Harrison McClary/News & Observer
Nolensville Volunteer firefighters Amber Fox and Connor Patton were planning on a relaxing, and fun Fourth of July, celebrating with family and friends at a friend’s house for a cook-out/pool party. It did not turn out as planned. Early in the party a young child, Nate, experienced a water emergency and the two NVFD members used their training to save his life.
Connor, age 19 and one of the youngest members of the NVFD, describes the events as he experienced them:
I had just gotten to the party and gone around back and was talking with Nate’s mother and the homeowner. I was facing the pool and they were facing me. I did not know the child and thought he was just playing.
The homeowner did not hear Nate splashing and asked “Where’s Nate” He had gone underwater, and was just floating there. His mom quickly swooped him up, and like any parent was very upset and didn’t know what to do.
I calmly said “Let me take him” I started compression on his back to get the water out of his lungs. He quickly started to cough up the water.

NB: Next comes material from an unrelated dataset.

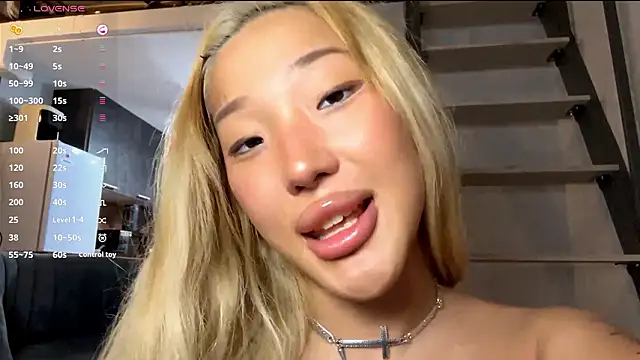 EIeniVanwart's Live XXX Chat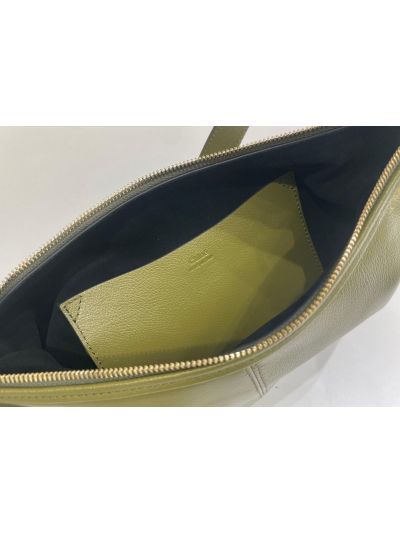 Chloe Small Bracelet Hobo Shoulder Crossbody Bag Green Grained Leather - Detail view 9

He wasn’t necessarily responsive, but he was breathing again, and that was a good sign.
At that time Amber had come back around the house, she has a lot more medical training than I do so I handed him off to her and talked to the dispatchers.
Amber describes the events as she experienced them:
I was at my vehicle; everyone was getting ready to get in the pool. I was getting some things and heard everyone calling my name, and when I say calling, I mean screaming. I did not know what was going on,
I was confused.
I came running around to the back of the house and saw Connor with Nate, the three-year-old boy who had drowned, over his knee.
I took over and did some sternal rubs to see if he would respond to pain. I was about to move him to the grass to start CPR on him when he started moaning. His face was pale, his lips were blue, he was not breathing.
He was unresponsive.
When I did the sternal rubs, he started to come around and started moaning. He finally opened his eyes and started breathing. He started freaking out, I think he thought he was still under water.
The homeowner was calling 911. He was screaming on the phone and the dispatcher was asking him to calm down. When I took Nate from Connor, Connor took over the call and calmly explained what was going on.
An ambulance was dispatched, and they transported Nate to Williamson Medical then to Vanderbilt for observation. By the time the ambulance arrived Nate was coherent, breathing, talking and pretty much back to his normal self.
The whole incident only lasted about 5 minutes, and the child was underwater maybe 45 seconds. The pool was an above ground 4 feet deep pool, but Nate is only about two feet tall.